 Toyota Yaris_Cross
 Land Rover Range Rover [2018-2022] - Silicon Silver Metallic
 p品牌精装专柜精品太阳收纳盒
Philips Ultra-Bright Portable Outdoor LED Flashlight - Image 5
---
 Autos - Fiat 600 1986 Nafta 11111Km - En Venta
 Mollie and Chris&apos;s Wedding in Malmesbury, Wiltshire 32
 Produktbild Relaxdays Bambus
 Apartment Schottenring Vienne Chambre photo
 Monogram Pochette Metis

Task description:
Copy, exactly and only, the lines above that begin with the one containing "p品牌精装专柜精品太阳收纳盒" and finish with the one containing "Philips Ultra-Bright Portable".

Completed task:
 p品牌精装专柜精品太阳收纳盒
Philips Ultra-Bright Portable Outdoor LED Flashlight - Image 5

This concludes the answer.